*About this exercise*
Below is a listing; retype exactly the line with "Bất Hạnh Và Bất Tử Chương 5 trang 8" and every line after it through the end, and only those, leaving out the pictures.

*Provided entries*

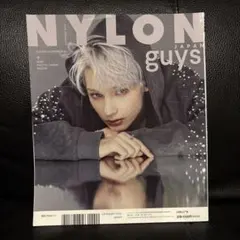 NYLON 2025 OctoberＮｏ．257 HUENINGKAI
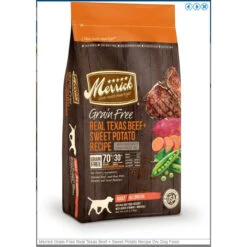 Merrick Grain-Free Real Texas Beef & Sweet-22lbs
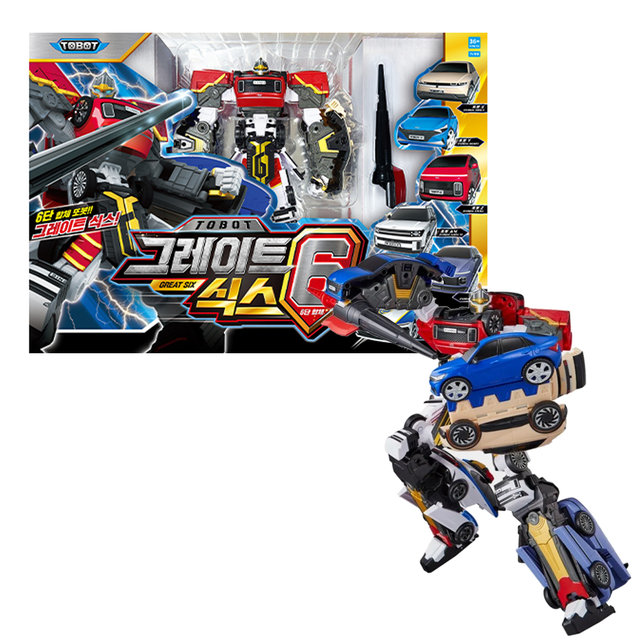 또봇 그레이트 식스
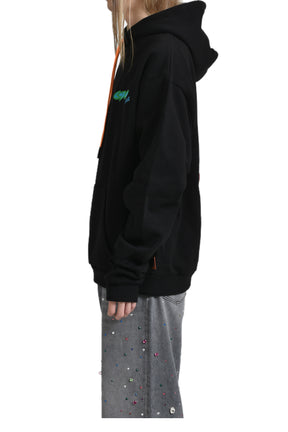 MOTR COZMO HOODIE / BLK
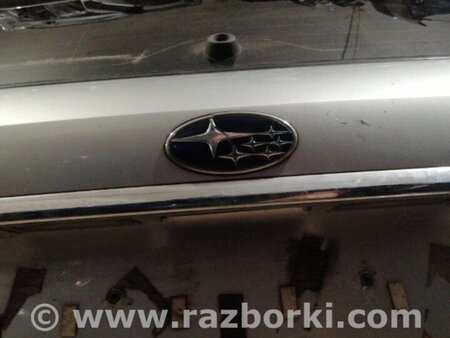 ФОТО Накладка крышки багажника для Subaru Legacy (все модели) Киев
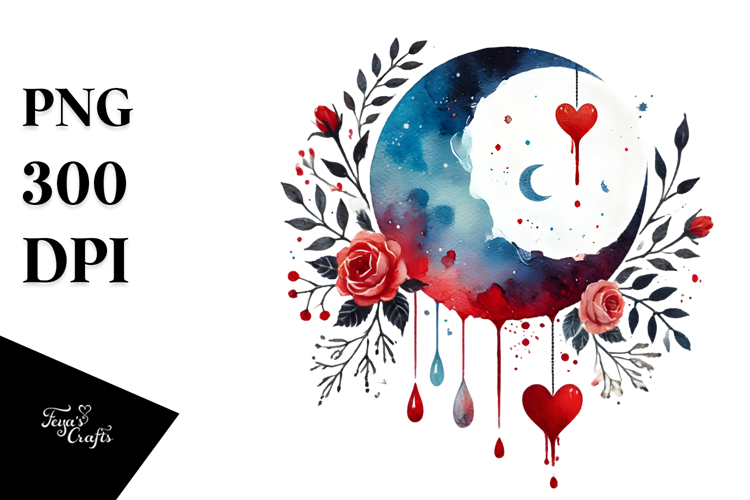 Moon Clipart Image 22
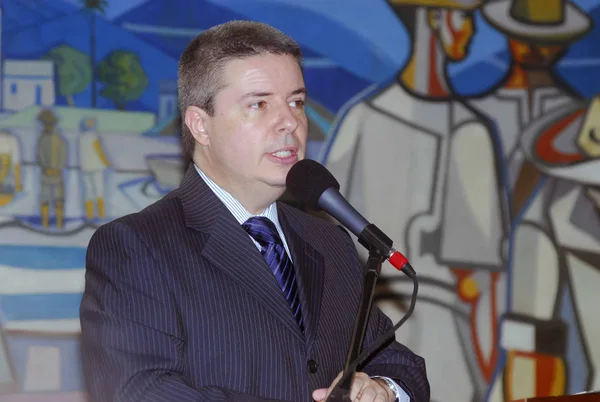 O governador Antonio Anastasia durante evento na Cidade Administrativa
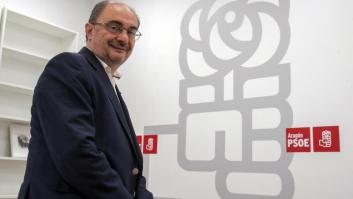 PSOE y Podemos llegan a un preacuerdo para investir a Lambán en Aragón
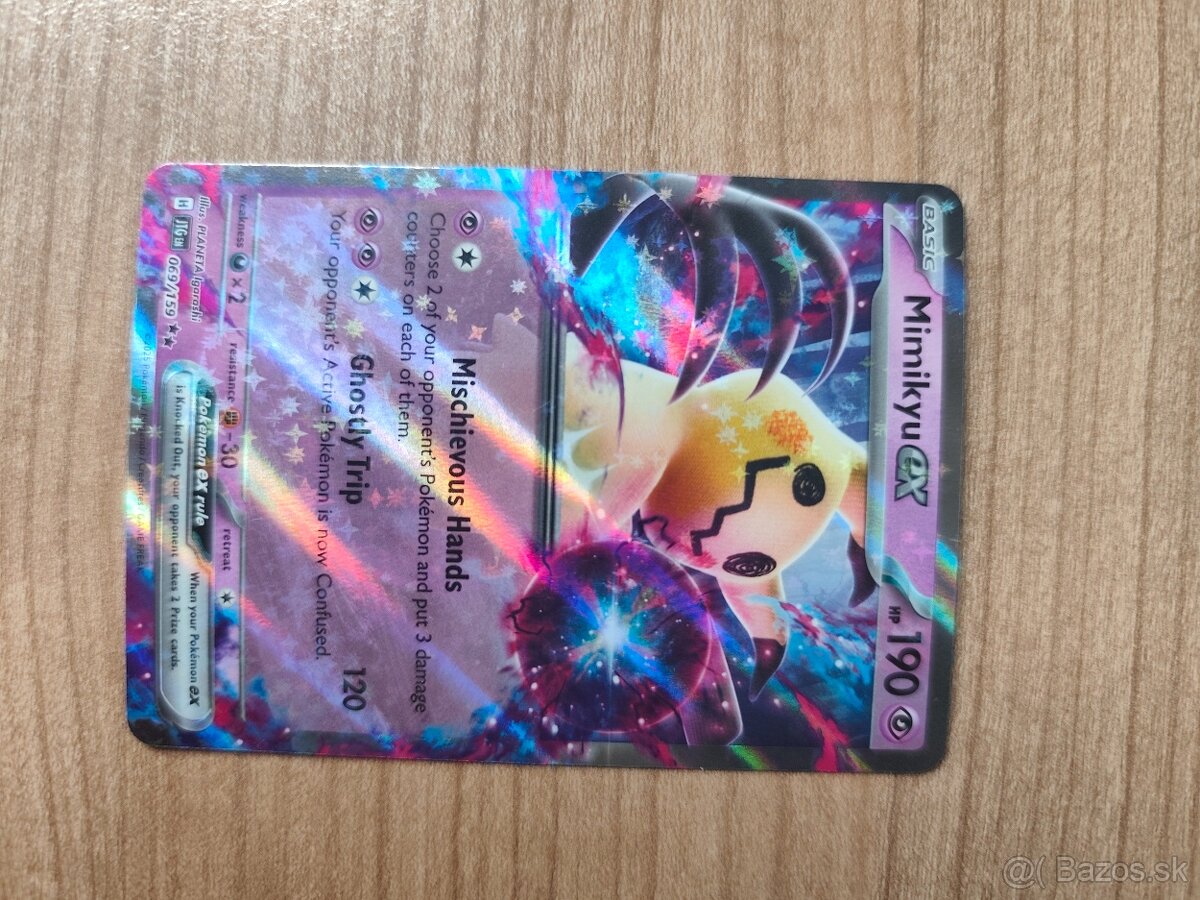 Pokémon karty - 3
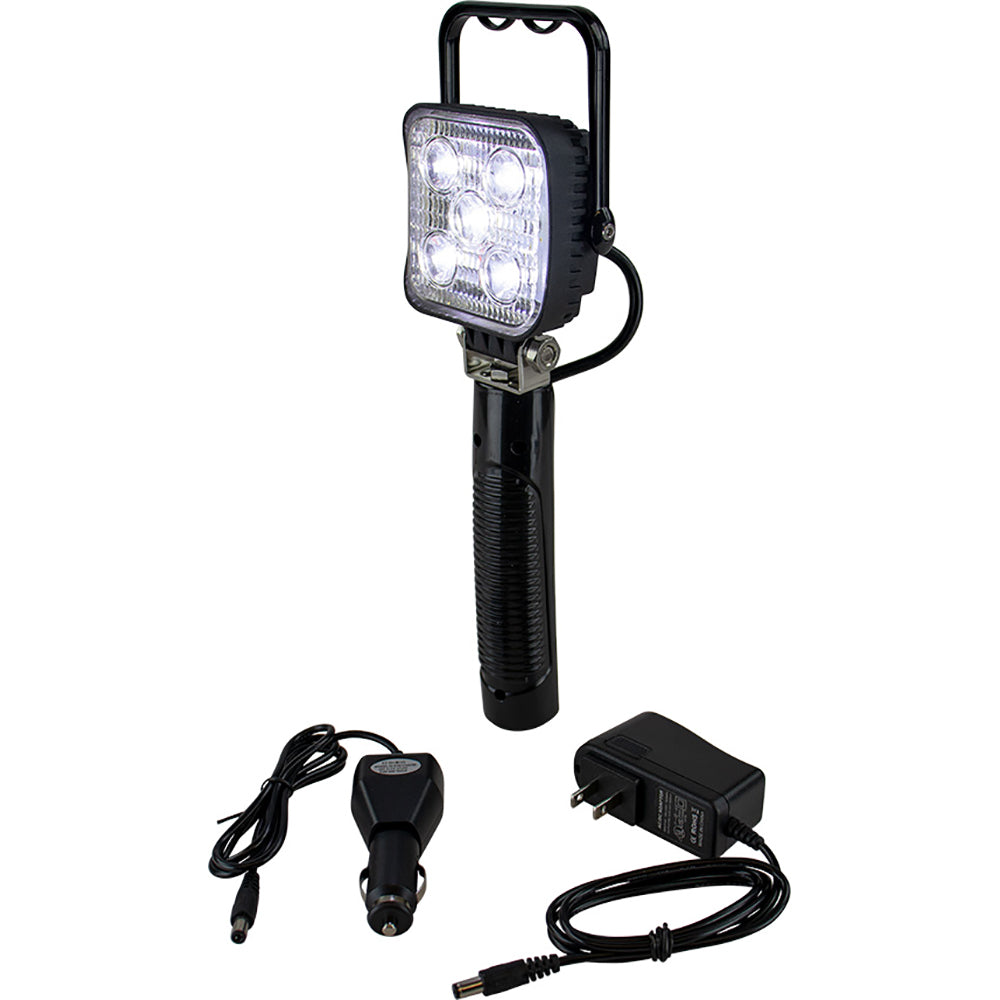 Sea-Dog - LED Rechargeable Handheld Flood Light - 1200 Lumens, 12VDC, IP65 — Quality Boat Parts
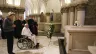 Pope Francis prays at the tomb of Belgian king who chose to abdicate rather than sign an abortion law. Sept. 28, 2024. / Credit: Vatican Media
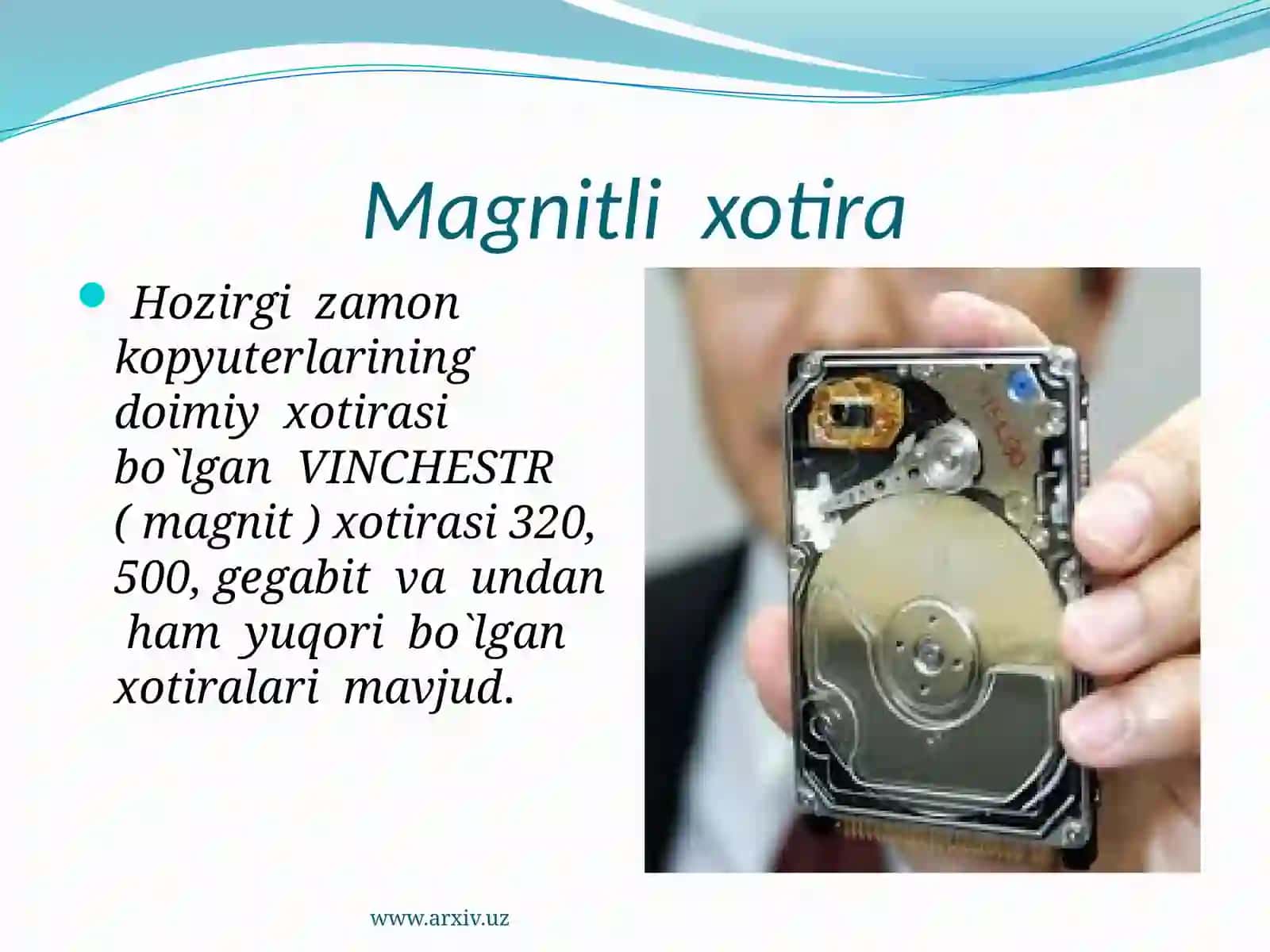 Kompyuterxotiralari 3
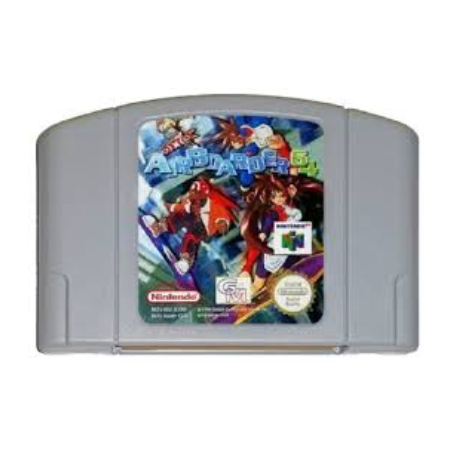 Jeux Nintendo 64 : AirBoarder (Loose) - Occasion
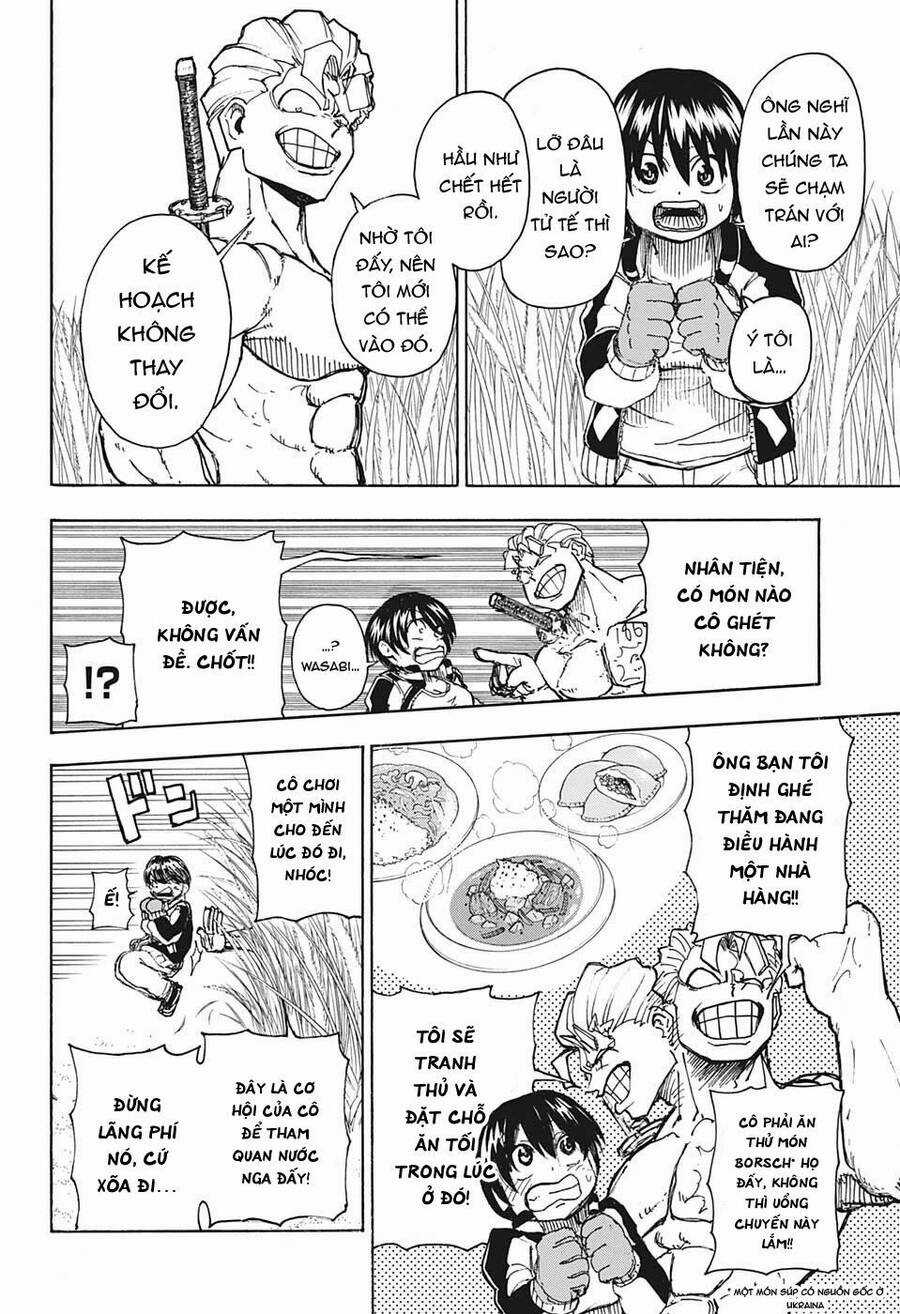 Bất Hạnh Và Bất Tử Chương 5 trang 8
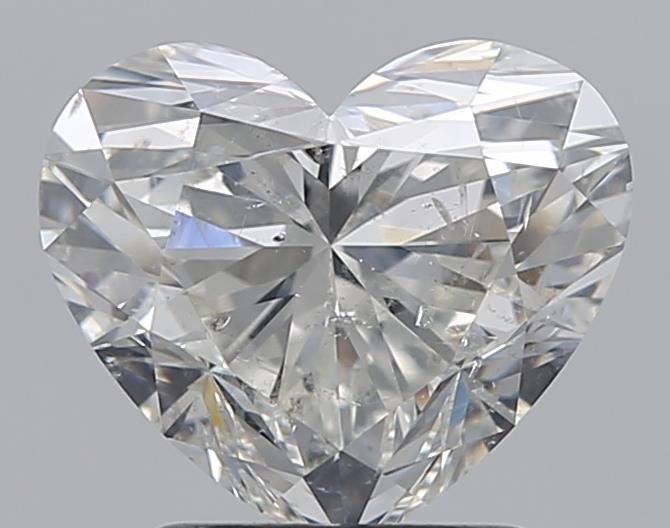 2.01ct I SI2 Rare Carat Ideal Cut Heart Diamond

*Output of the task*
 Bất Hạnh Và Bất Tử Chương 5 trang 8
 2.01ct I SI2 Rare Carat Ideal Cut Heart Diamond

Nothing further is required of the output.